Instructions for the task: Write out, please, each line from the one containing "mid-rise wide-leg summer weight cropped jean" to the final line of the data, both included, exactly and without pictures.

== Records supplied ==

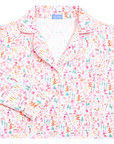 Pink Ski Women's Button Front Long Pajama Set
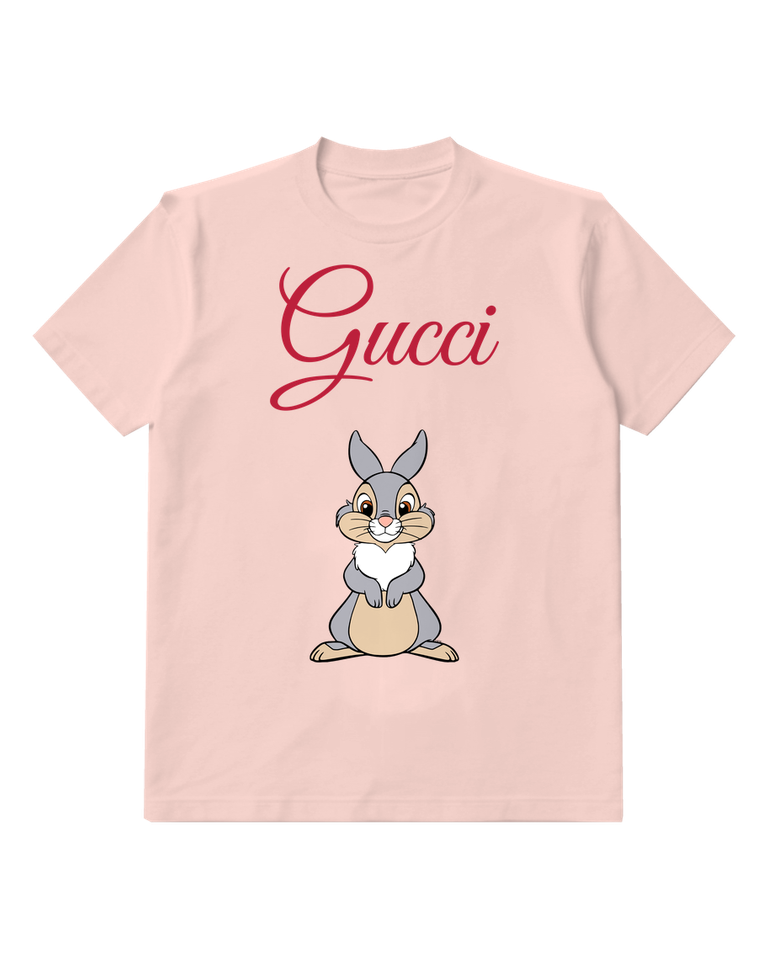 Blush Pink Rabbit Paws On Chest Graphic T-Shirt - front product view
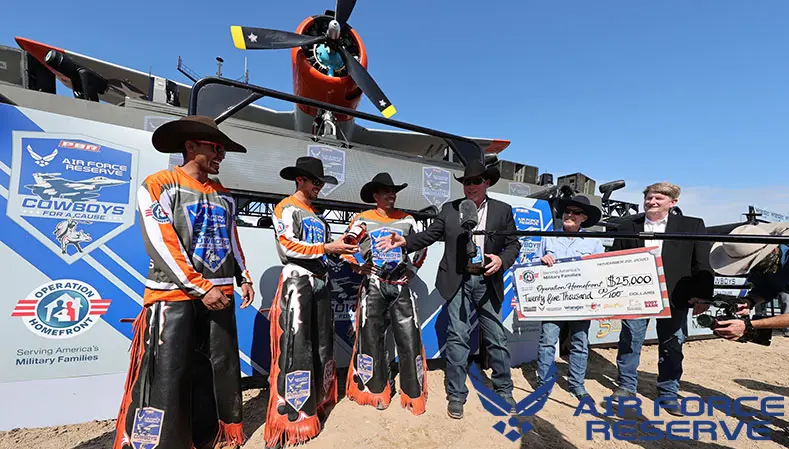 Air Force Reserve Flight to the Lexington: PBR bucks bulls on aircraft carrier, raising $250,000 for military charities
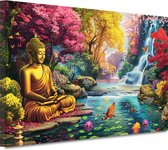 Décoration murale cascade - Décoration murale Art Nouveau - Coloré - Tableaux sur toile éclectique - Peintures sur toile Bouddha - Peintures toile - Toile d'art 150x100 cm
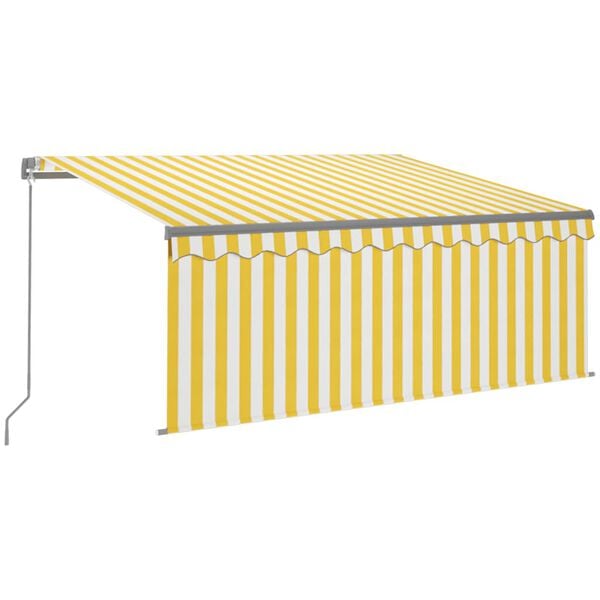 vidaXL Toldo retr&aacute;til manual com estore 3,5x2,5 m amarelo e branco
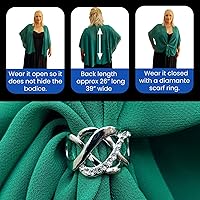 Vista 3 de Conjunto de chal de noche para mujer y anillo de bufanda plateada, capa de gasa transparente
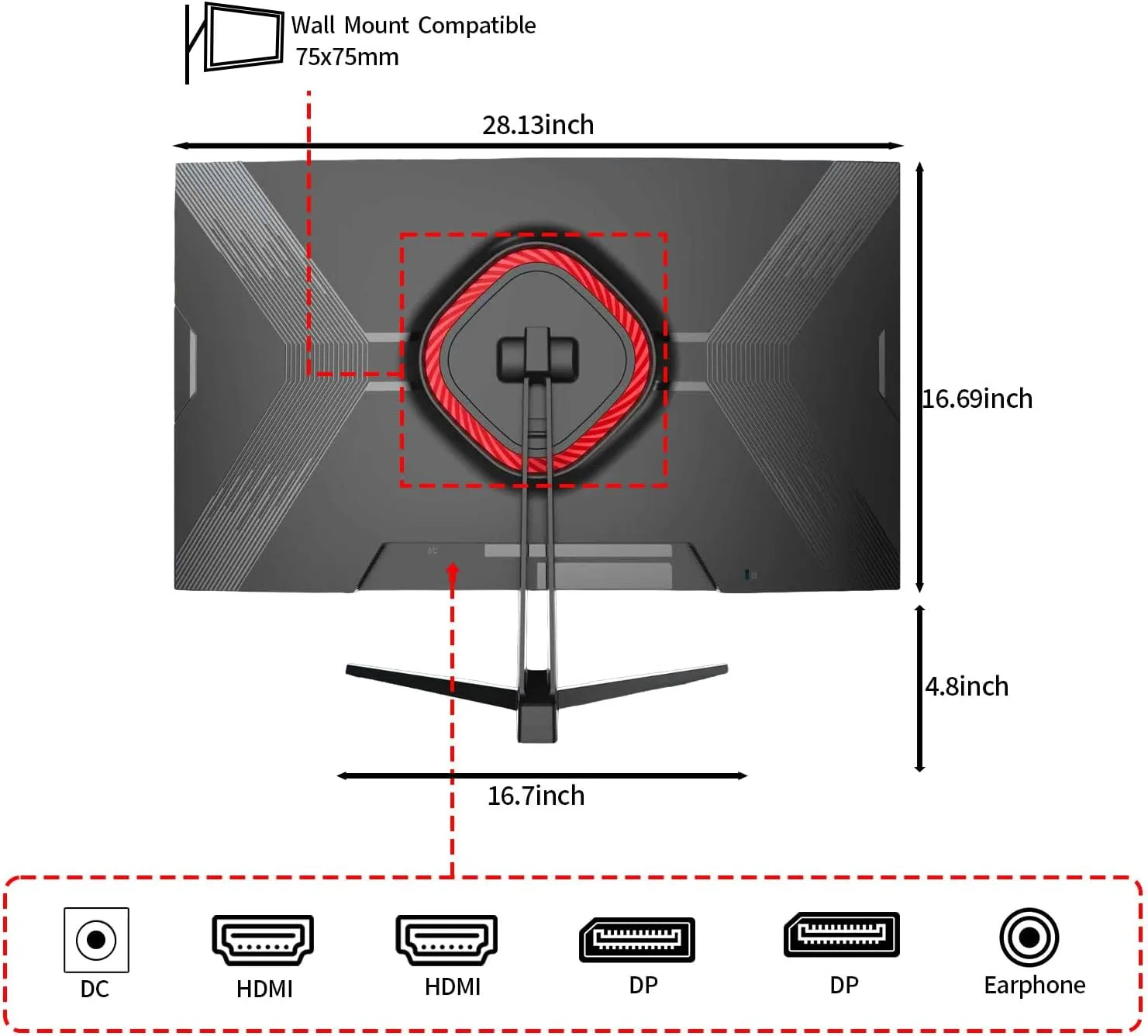 ZZA 27 inch 4K UHD Monitor,75Hz Refresh Rate,HDR10,HDMI 2.0×2/DP 1.2×2,Compatible with Wall Mounting,Ideal for Business & Office Work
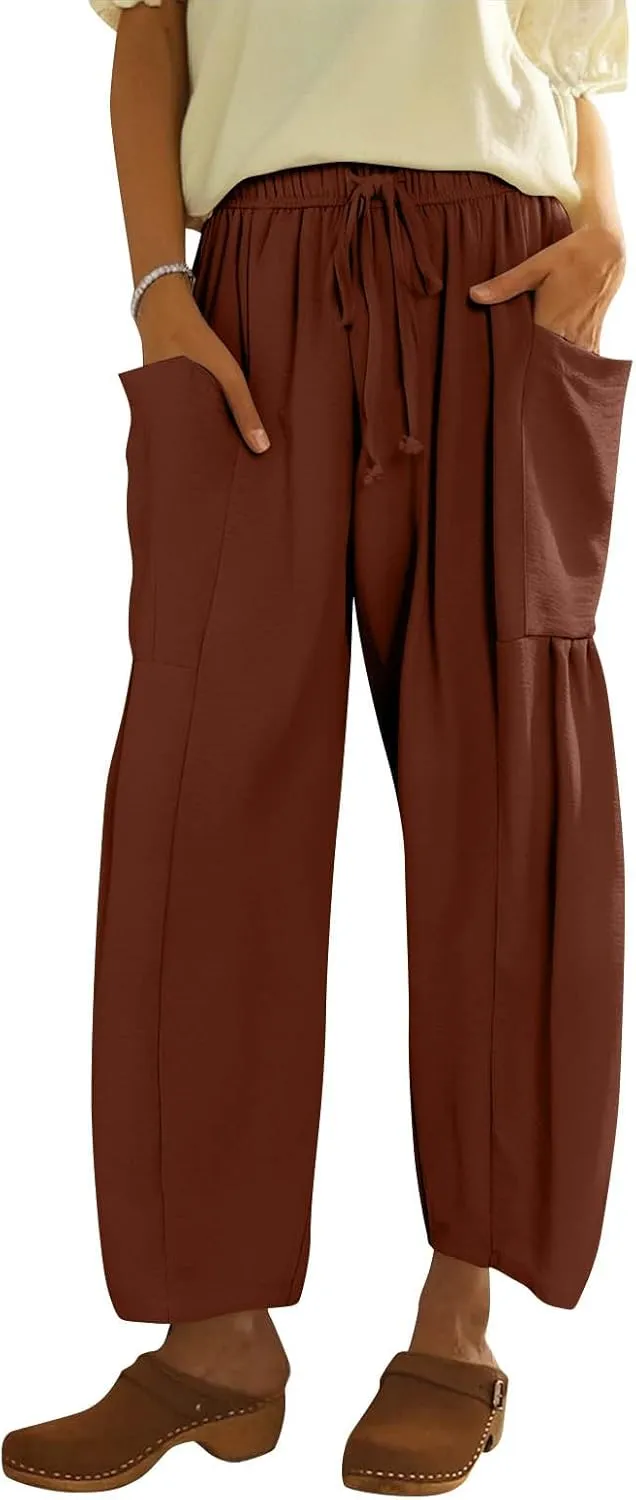 Women Summer Beach Vacation Pants High Waisted Wide Leg Casual Boho Pants Stretchy Loose Palazzo Trousers with Pockets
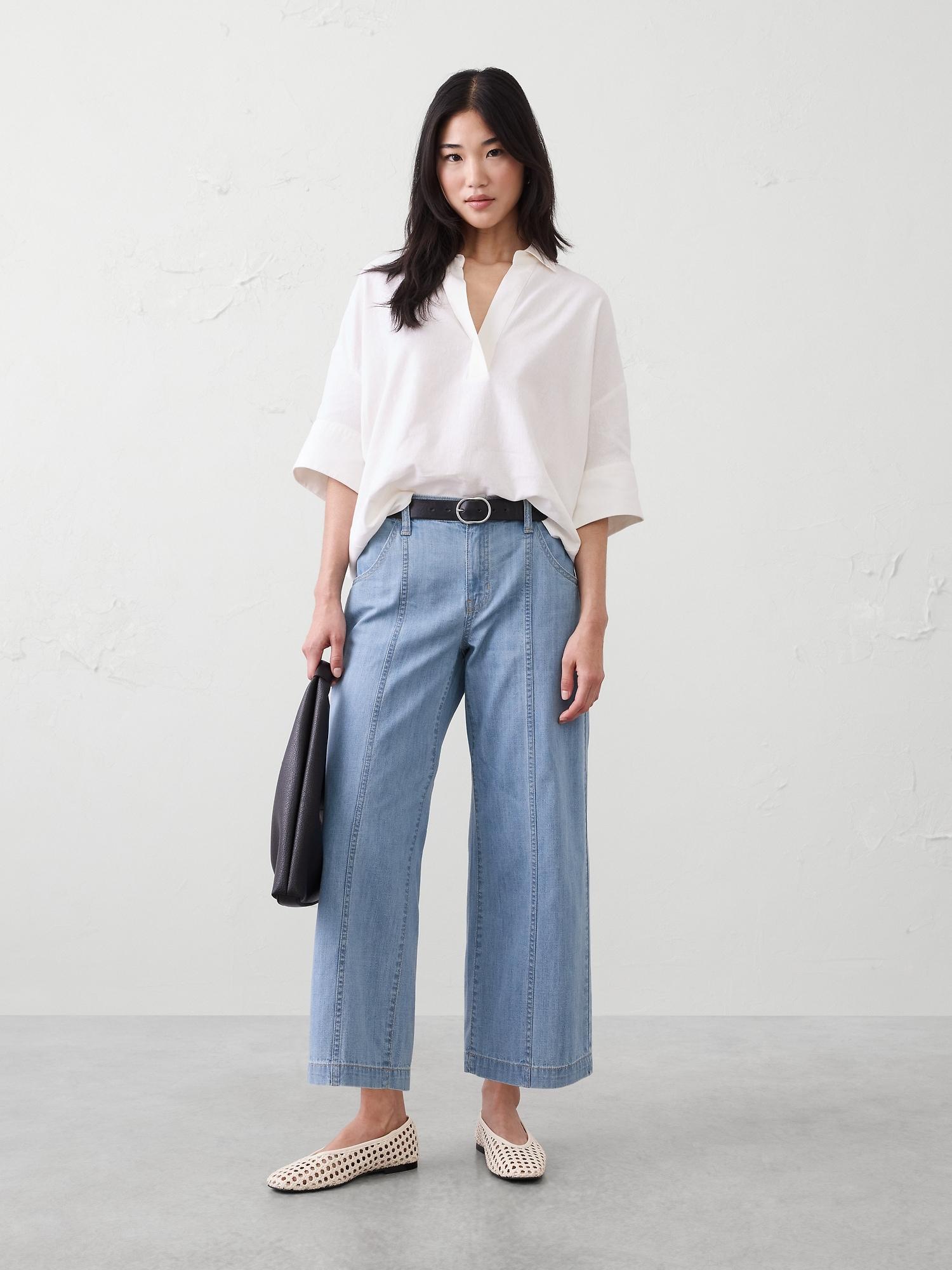 mid-rise wide-leg summer weight cropped jean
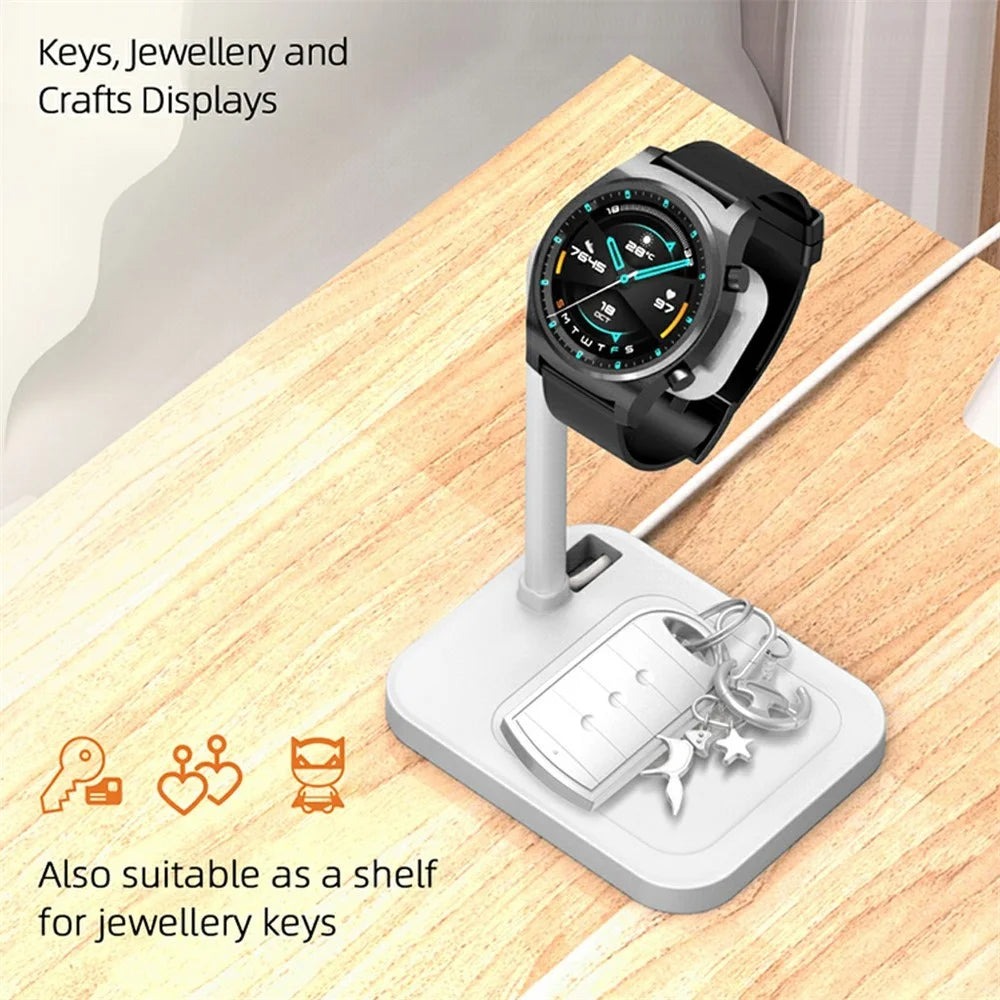 AODUKE AJZJ02S Watch Charging Base Stand for Google / Huawei / Garmin / Samsung Watch Charger Dock - White - 2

===

Task result:
 mid-rise wide-leg summer weight cropped jean
 AODUKE AJZJ02S Watch Charging Base Stand for Google / Huawei / Garmin / Samsung Watch Charger Dock - White - 2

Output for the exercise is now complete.